Yesterday afternoon was busy with "Bubba's" lighting off their Bambi Cannons. With Friday being opening day for firearm deer in Michigan,I expect a lot more cannon fodder going off today with the deer camp residents repopulating completely .

They'll say later, there's no deer here.

Like I said before,with the high cost of ammo we no longer give a warning shot. Why give the deer any.


----------



## Moonshinedave (Mar 28, 2013)

I generally go to Cabella's online for 22lr and most other ammo. I order it and have it sent to the store near me (no shipping charge). Cabella's has a one box limit on 22lr, but I order one box a day for a few days in a row, then wait to pick up several orders at one time. No massive stockpile all at once, but over time it does add up.

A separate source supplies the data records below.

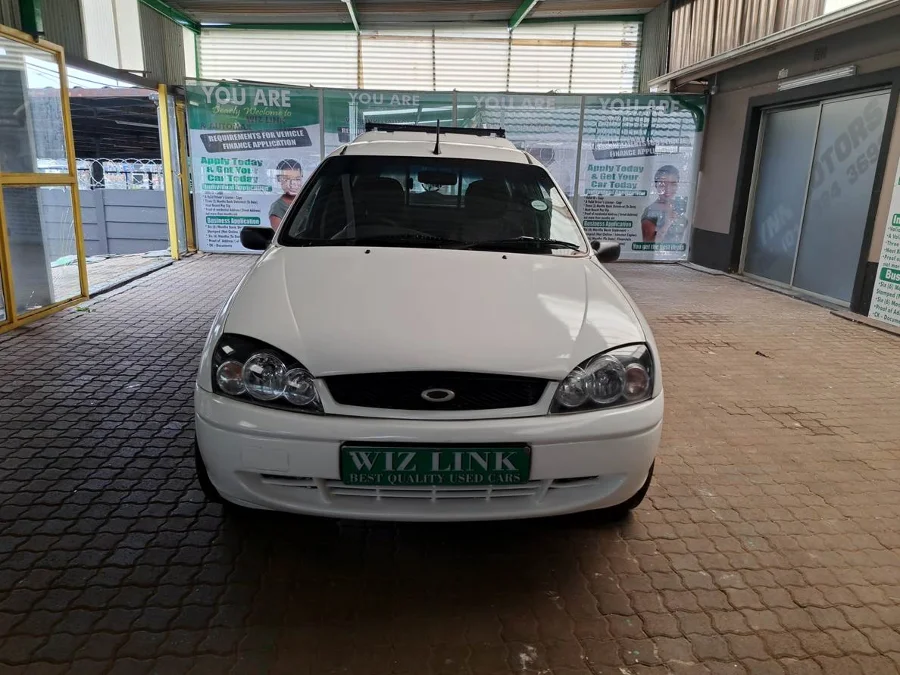 Used 2008 Ford Bantam 1.3i - Wiz Link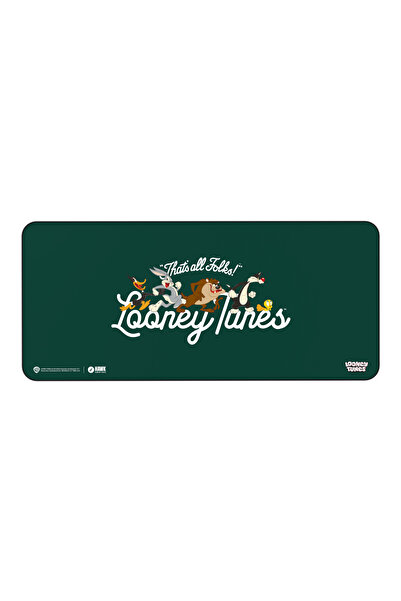 Hawk Gaming Chair Hawk Looney Tunes That's All Folks 90X40 Mouse Pad
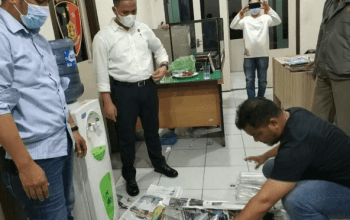 Polisi Amankan 3 Pelaku Penyelundupan Benih Lobster di Riau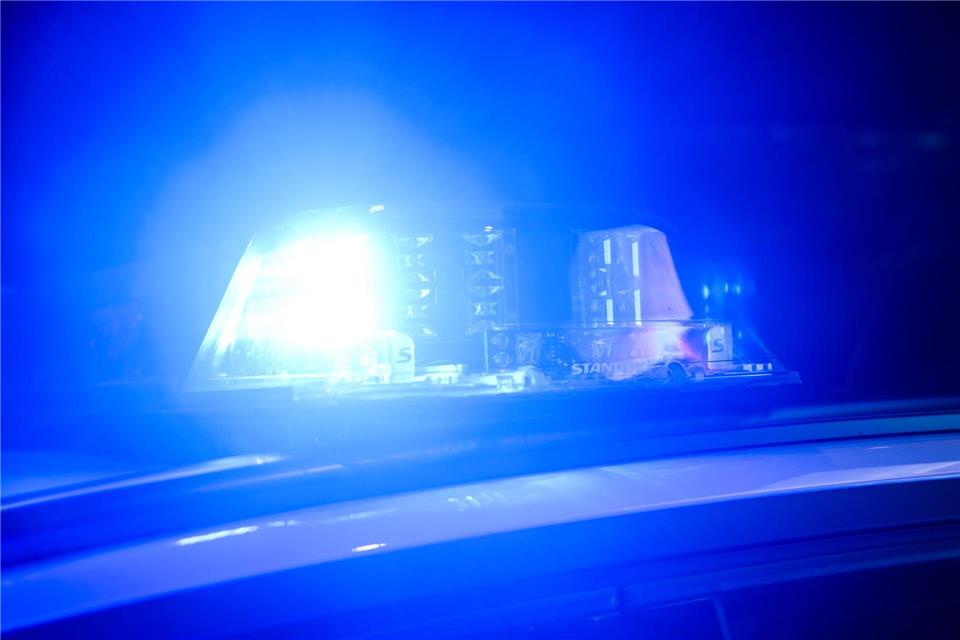 Mehrere Polizeikräfte waren in Hemmingen im Einsatz – Versuche, einen randalierenden Mann zu beruhigen, blieben ohne Erfolg. (Symbolbild)Julian Stratenschulte/dpa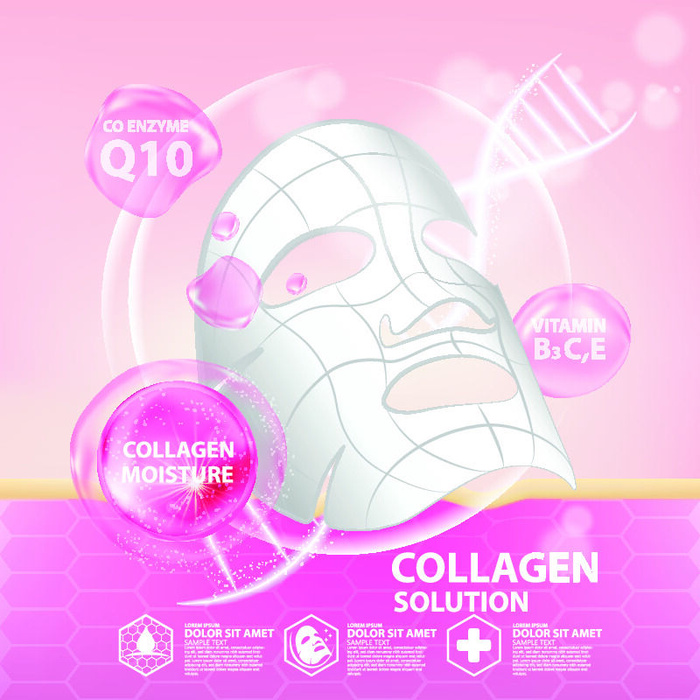 设计广告化妆品素材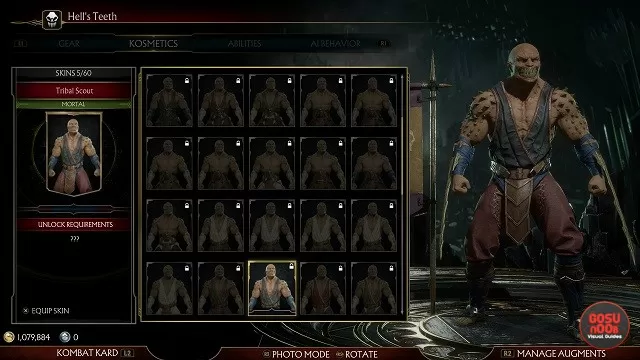 mk11 how to get question mark skins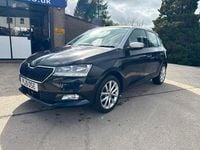 Begagnad Skoda Fabia Colour Edition 2019 Svart Halvkombi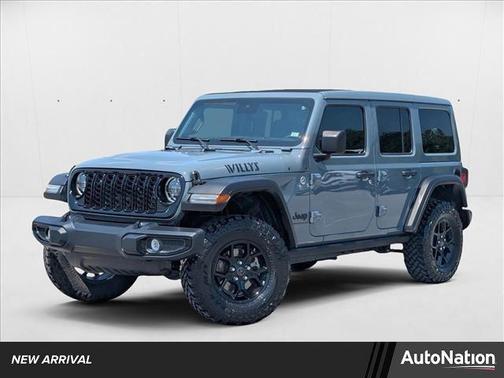 2024 Jeep Wrangler Willys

Fact is, I am about where I feel I need to be 22lr ammo-wise.
As a matter of fact, I just checked a few minutes ago (11-14-13 @9:00am eastern time) they had 100pk 22lr Winchester $6.99.


----------



## indie (Sep 7, 2013)

troyp47000 said:


> Ammo shortage ended about a month ago in wa state. Except 22lr.


Someone obviously forgot to give my town the memo. Three stores with ammo and I'm lucky to find a single box of 38, 40, 45 or 357. Then we headed to Cabela's across the state line and they had NONE of those. Bare shelves everywhere you look. Same at a Wally near Cabela's.


----------



## rice paddy daddy (Jul 17, 2012)

indie said:


> Someone obviously forgot to give my town the memo. Three stores with ammo and I'm lucky to find a single box of 38, 40, 45 or 357. Then we headed to Cabela's across the state line and they had NONE of those. Bare shelves everywhere you look. Same at a Wally near Cabela's.


I have the same problem with some of my calibers, even during good times. 32-20, 45-70, 22 Hornet, 8MM Mauser.
I just like old guns, even though I do have some that are fairly modern.
"Keepin' it real with wood and steel".


----------